• _Work to complete_
Give back the entries below verbatim.

Web page caption snippets
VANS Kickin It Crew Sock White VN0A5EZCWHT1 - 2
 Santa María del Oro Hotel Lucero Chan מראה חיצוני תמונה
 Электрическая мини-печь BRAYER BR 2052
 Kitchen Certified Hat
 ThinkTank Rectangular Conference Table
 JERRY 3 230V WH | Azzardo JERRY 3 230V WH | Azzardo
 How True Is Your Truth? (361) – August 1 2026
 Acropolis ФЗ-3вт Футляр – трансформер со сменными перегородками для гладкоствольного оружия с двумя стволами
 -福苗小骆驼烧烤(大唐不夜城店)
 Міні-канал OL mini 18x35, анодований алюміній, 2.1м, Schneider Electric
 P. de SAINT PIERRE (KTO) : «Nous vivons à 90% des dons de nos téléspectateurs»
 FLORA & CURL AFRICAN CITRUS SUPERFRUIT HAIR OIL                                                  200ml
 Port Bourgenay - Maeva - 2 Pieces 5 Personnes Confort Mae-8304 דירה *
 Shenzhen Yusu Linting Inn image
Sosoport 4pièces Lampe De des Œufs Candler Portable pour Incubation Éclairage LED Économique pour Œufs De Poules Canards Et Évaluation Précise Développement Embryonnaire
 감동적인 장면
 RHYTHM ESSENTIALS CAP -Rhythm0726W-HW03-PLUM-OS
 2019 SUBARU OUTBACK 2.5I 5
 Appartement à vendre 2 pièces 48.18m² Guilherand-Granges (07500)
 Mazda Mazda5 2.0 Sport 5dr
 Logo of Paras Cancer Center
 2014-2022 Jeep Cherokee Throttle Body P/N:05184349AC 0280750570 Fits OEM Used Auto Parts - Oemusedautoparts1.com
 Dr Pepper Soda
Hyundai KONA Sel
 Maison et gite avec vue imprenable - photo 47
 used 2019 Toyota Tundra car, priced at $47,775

• _Response to the exercise_
VANS Kickin It Crew Sock White VN0A5EZCWHT1 - 2
 Santa María del Oro Hotel Lucero Chan מראה חיצוני תמונה
 Электрическая мини-печь BRAYER BR 2052
 Kitchen Certified Hat
 ThinkTank Rectangular Conference Table
 JERRY 3 230V WH | Azzardo JERRY 3 230V WH | Azzardo
 How True Is Your Truth? (361) – August 1 2026
 Acropolis ФЗ-3вт Футляр – трансформер со сменными перегородками для гладкоствольного оружия с двумя стволами
 -福苗小骆驼烧烤(大唐不夜城店)
 Міні-канал OL mini 18x35, анодований алюміній, 2.1м, Schneider Electric
 P. de SAINT PIERRE (KTO) : «Nous vivons à 90% des dons de nos téléspectateurs»
 FLORA & CURL AFRICAN CITRUS SUPERFRUIT HAIR OIL                                                  200ml
 Port Bourgenay - Maeva - 2 Pieces 5 Personnes Confort Mae-8304 דירה *
 Shenzhen Yusu Linting Inn image
Sosoport 4pièces Lampe De des Œufs Candler Portable pour Incubation Éclairage LED Économique pour Œufs De Poules Canards Et Évaluation Précise Développement Embryonnaire
 감동적인 장면
 RHYTHM ESSENTIALS CAP -Rhythm0726W-HW03-PLUM-OS
 2019 SUBARU OUTBACK 2.5I 5
 Appartement à vendre 2 pièces 48.18m² Guilherand-Granges (07500)
 Mazda Mazda5 2.0 Sport 5dr
 Logo of Paras Cancer Center
 2014-2022 Jeep Cherokee Throttle Body P/N:05184349AC 0280750570 Fits OEM Used Auto Parts - Oemusedautoparts1.com
 Dr Pepper Soda
Hyundai KONA Sel
 Maison et gite avec vue imprenable - photo 47
 used 2019 Toyota Tundra car, priced at $47,775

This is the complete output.